Aim of the task: Where the string "With" occurs in a line of the data below, that line should be copied.

(Web page caption snippets)
=======

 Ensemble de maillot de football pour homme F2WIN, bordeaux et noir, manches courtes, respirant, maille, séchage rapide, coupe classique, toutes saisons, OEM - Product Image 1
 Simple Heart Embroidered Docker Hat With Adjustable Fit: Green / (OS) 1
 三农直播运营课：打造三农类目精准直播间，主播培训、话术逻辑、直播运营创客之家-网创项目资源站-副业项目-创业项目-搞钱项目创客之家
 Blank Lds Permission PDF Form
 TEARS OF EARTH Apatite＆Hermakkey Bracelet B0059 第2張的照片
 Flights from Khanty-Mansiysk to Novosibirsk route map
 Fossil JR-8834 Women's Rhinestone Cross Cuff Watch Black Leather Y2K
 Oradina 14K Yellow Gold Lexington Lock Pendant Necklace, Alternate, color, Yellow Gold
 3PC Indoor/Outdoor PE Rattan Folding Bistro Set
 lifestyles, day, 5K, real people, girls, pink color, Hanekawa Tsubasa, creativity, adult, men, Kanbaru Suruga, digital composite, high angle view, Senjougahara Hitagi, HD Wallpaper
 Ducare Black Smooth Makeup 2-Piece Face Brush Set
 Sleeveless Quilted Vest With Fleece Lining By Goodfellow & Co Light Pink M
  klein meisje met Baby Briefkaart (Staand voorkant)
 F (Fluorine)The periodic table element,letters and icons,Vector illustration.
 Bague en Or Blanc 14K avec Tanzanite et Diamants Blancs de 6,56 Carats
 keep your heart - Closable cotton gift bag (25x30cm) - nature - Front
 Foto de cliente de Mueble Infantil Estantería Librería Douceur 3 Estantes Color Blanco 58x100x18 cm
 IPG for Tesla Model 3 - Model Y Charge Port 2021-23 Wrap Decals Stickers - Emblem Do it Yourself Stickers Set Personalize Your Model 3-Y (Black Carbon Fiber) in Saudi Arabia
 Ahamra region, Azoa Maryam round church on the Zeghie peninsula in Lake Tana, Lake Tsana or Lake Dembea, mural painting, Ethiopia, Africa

=======

Answer to this problem:
 Simple Heart Embroidered Docker Hat With Adjustable Fit: Green / (OS) 1
 Sleeveless Quilted Vest With Fleece Lining By Goodfellow & Co Light Pink M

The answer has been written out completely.